Problem to solve:
Output the line containing "Circular Watch Vector" and all subsequent lines of the listing below, copied exactly, with no other lines.

Records provided:
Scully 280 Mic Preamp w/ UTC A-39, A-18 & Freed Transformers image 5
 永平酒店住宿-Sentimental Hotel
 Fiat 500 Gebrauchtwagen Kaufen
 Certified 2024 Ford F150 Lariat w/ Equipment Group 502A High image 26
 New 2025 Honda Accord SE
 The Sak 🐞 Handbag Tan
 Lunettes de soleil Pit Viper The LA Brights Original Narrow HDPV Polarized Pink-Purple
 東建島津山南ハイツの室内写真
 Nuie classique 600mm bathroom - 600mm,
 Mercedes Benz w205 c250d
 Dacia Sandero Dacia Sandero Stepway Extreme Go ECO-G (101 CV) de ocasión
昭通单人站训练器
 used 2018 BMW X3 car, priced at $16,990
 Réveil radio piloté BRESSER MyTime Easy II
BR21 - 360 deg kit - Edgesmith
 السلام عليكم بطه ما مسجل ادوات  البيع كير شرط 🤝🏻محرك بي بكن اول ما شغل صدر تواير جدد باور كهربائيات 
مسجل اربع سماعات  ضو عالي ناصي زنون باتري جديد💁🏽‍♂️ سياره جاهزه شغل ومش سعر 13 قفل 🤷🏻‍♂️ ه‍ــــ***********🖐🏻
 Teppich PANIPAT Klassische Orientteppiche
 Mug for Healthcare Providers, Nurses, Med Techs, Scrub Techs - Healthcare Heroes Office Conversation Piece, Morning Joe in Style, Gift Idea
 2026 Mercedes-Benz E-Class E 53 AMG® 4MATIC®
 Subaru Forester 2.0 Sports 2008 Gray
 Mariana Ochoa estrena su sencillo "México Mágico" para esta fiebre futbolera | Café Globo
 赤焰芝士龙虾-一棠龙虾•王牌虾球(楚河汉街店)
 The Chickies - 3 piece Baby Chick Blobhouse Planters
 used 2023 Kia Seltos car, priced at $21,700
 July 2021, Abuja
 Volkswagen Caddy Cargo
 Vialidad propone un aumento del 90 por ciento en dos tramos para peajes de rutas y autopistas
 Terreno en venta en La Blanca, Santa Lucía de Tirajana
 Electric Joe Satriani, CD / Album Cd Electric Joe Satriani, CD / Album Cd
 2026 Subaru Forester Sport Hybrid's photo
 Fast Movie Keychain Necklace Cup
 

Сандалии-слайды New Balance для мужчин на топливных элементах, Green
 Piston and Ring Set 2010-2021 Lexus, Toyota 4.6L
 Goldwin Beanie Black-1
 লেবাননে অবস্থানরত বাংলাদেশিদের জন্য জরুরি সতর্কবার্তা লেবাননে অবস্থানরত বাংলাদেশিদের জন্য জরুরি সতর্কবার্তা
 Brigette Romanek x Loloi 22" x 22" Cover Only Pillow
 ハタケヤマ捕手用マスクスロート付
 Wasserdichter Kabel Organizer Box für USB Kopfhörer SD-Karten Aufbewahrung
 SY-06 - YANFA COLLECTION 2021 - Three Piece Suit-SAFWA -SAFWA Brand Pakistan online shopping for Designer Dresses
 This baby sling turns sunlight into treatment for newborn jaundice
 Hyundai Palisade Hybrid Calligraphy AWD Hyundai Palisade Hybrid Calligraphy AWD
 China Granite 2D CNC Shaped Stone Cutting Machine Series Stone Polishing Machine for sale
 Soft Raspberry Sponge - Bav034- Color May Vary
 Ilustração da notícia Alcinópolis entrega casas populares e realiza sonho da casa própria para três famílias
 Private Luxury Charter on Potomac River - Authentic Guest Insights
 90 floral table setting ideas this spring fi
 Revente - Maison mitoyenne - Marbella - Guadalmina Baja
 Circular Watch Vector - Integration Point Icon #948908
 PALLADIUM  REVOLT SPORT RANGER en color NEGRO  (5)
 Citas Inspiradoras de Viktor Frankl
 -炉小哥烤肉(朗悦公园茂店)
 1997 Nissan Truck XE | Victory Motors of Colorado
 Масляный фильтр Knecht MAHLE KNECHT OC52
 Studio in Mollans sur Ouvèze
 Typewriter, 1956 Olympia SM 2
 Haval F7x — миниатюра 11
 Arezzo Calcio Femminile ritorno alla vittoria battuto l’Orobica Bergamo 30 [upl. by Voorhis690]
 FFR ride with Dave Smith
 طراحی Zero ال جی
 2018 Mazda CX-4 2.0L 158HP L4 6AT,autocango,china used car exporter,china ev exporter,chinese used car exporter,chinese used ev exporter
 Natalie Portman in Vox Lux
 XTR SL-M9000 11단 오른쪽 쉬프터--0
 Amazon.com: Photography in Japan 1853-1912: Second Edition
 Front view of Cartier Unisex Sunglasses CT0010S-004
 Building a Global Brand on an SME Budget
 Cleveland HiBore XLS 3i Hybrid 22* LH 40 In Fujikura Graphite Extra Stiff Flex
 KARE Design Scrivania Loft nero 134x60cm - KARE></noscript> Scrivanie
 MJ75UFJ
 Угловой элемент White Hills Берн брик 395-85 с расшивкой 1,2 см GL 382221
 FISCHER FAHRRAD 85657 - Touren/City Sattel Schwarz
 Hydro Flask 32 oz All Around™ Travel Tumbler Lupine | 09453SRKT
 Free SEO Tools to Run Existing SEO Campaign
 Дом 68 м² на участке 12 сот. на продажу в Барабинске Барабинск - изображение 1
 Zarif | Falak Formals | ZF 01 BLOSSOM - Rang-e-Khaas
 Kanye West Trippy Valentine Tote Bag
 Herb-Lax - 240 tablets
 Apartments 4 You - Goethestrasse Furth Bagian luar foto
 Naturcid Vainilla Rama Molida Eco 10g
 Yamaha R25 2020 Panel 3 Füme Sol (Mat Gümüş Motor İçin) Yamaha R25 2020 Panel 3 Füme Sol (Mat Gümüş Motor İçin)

Solution to this task:
 Circular Watch Vector - Integration Point Icon #948908
 PALLADIUM  REVOLT SPORT RANGER en color NEGRO  (5)
 Citas Inspiradoras de Viktor Frankl
 -炉小哥烤肉(朗悦公园茂店)
 1997 Nissan Truck XE | Victory Motors of Colorado
 Масляный фильтр Knecht MAHLE KNECHT OC52
 Studio in Mollans sur Ouvèze
 Typewriter, 1956 Olympia SM 2
 Haval F7x — миниатюра 11
 Arezzo Calcio Femminile ritorno alla vittoria battuto l’Orobica Bergamo 30 [upl. by Voorhis690]
 FFR ride with Dave Smith
 طراحی Zero ال جی
 2018 Mazda CX-4 2.0L 158HP L4 6AT,autocango,china used car exporter,china ev exporter,chinese used car exporter,chinese used ev exporter
 Natalie Portman in Vox Lux
 XTR SL-M9000 11단 오른쪽 쉬프터--0
 Amazon.com: Photography in Japan 1853-1912: Second Edition
 Front view of Cartier Unisex Sunglasses CT0010S-004
 Building a Global Brand on an SME Budget
 Cleveland HiBore XLS 3i Hybrid 22* LH 40 In Fujikura Graphite Extra Stiff Flex
 KARE Design Scrivania Loft nero 134x60cm - KARE></noscript> Scrivanie
 MJ75UFJ
 Угловой элемент White Hills Берн брик 395-85 с расшивкой 1,2 см GL 382221
 FISCHER FAHRRAD 85657 - Touren/City Sattel Schwarz
 Hydro Flask 32 oz All Around™ Travel Tumbler Lupine | 09453SRKT
 Free SEO Tools to Run Existing SEO Campaign
 Дом 68 м² на участке 12 сот. на продажу в Барабинске Барабинск - изображение 1
 Zarif | Falak Formals | ZF 01 BLOSSOM - Rang-e-Khaas
 Kanye West Trippy Valentine Tote Bag
 Herb-Lax - 240 tablets
 Apartments 4 You - Goethestrasse Furth Bagian luar foto
 Naturcid Vainilla Rama Molida Eco 10g
 Yamaha R25 2020 Panel 3 Füme Sol (Mat Gümüş Motor İçin) Yamaha R25 2020 Panel 3 Füme Sol (Mat Gümüş Motor İçin)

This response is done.